Each line from the one holding "2307 SW 15th Street Unit: 11" through the end of the records should be returned exactly, while pictures are skipped.
================================
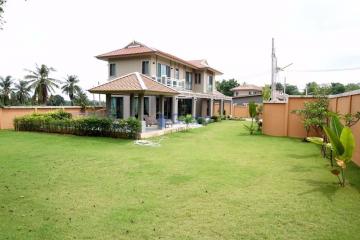 4 Bedrooms House in Grand Regent Pattaya East Pattaya H010299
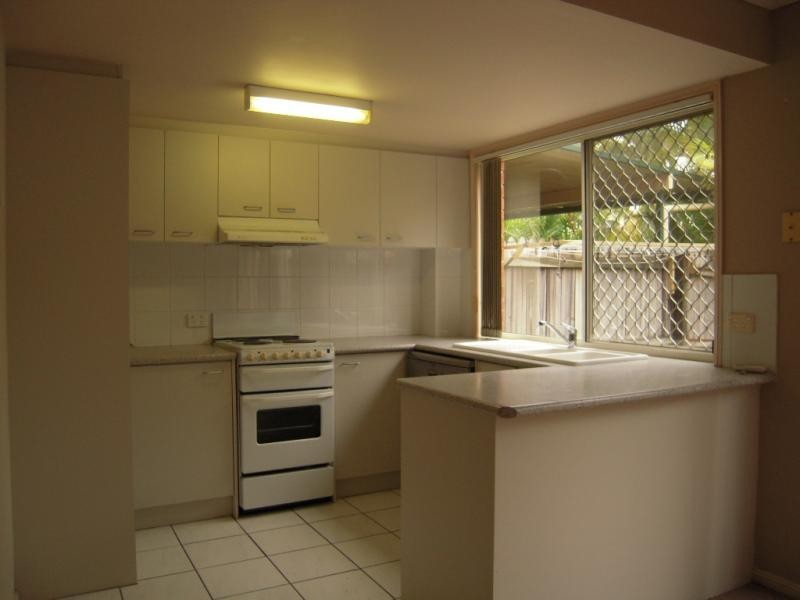 643 Pine Ridge Road, Biggera Waters QLD 4216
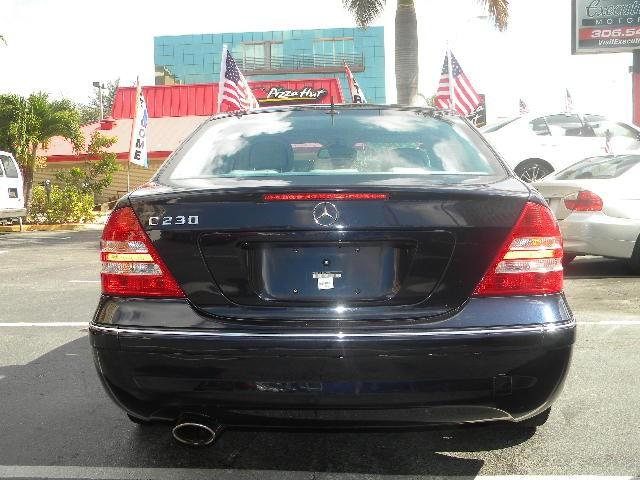Mercedes-Benz C Class 2006 photo 2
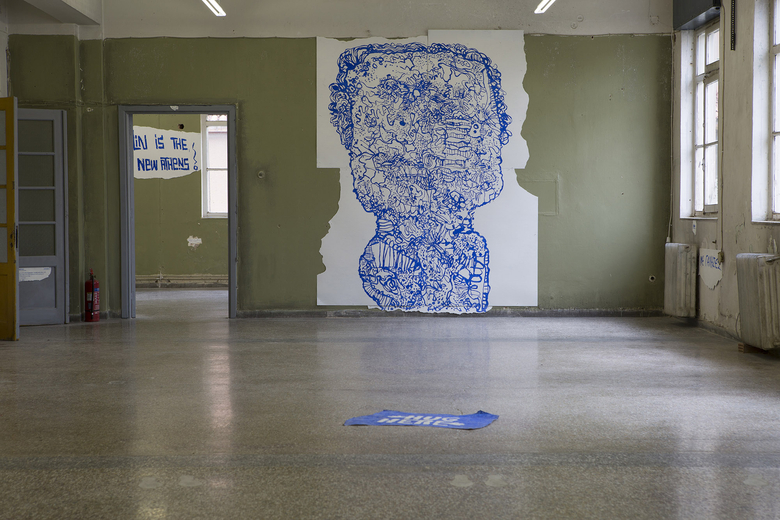 Breaking News – Athens, NEON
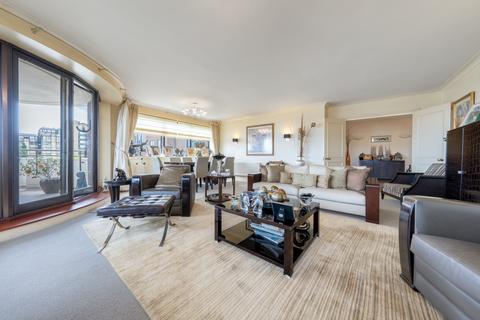 2 bedroom apartment for sale, The Terraces, 12 Queens Terrace, London, NW8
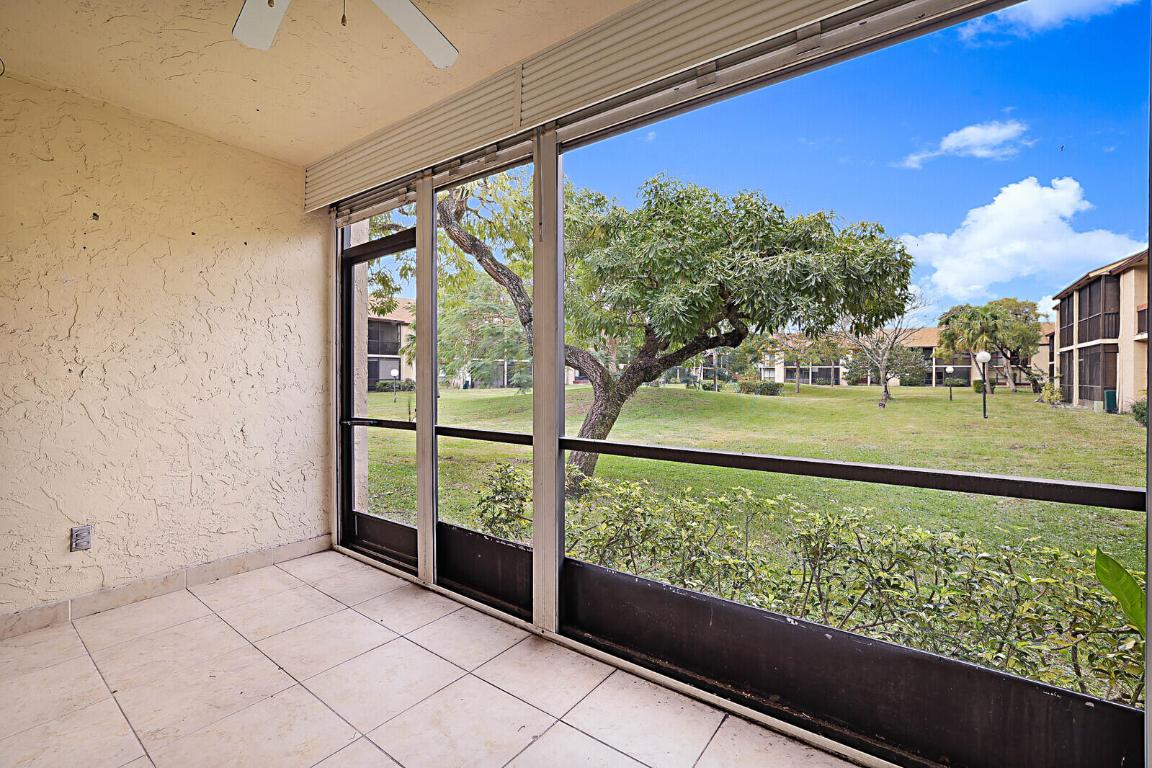 2307 SW 15th Street Unit: 11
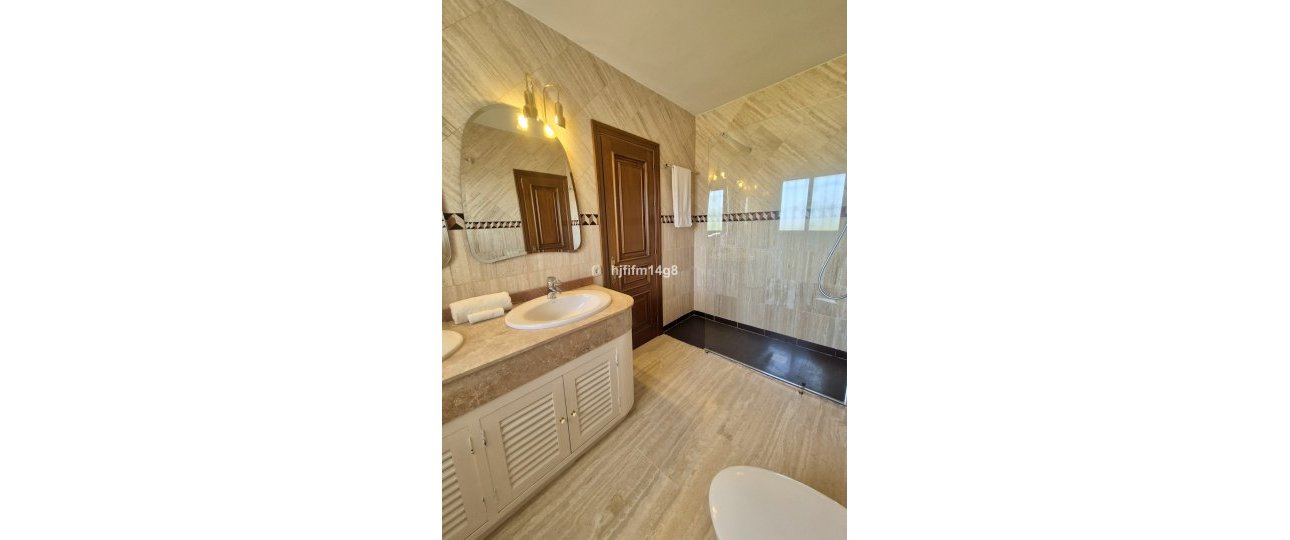 Wiederverkauf - Villa - Marbella - La Campana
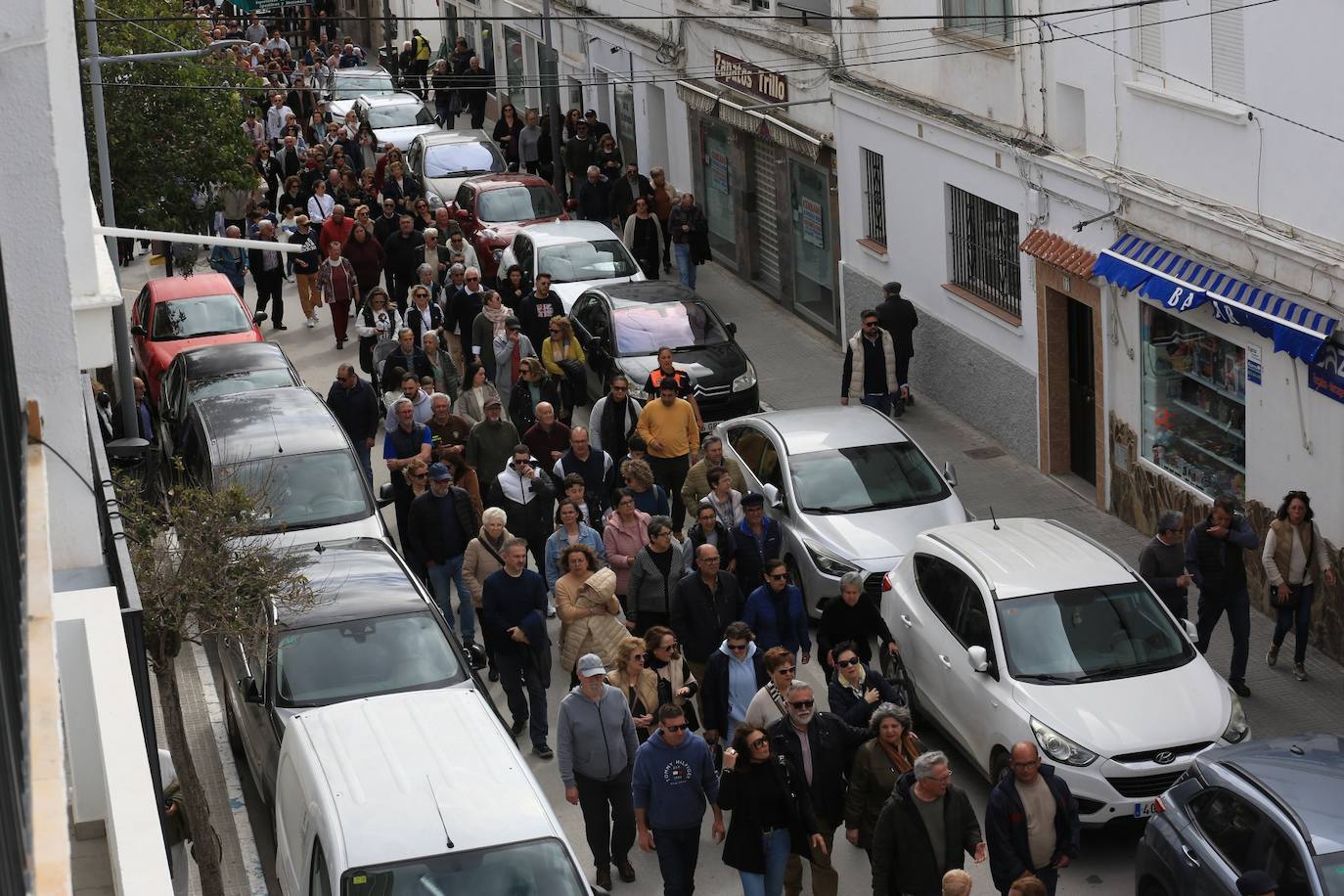 Fotos: Barbate se echa a la calle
================================
Your solution –
 2307 SW 15th Street Unit: 11
 Wiederverkauf - Villa - Marbella - La Campana
 Fotos: Barbate se echa a la calle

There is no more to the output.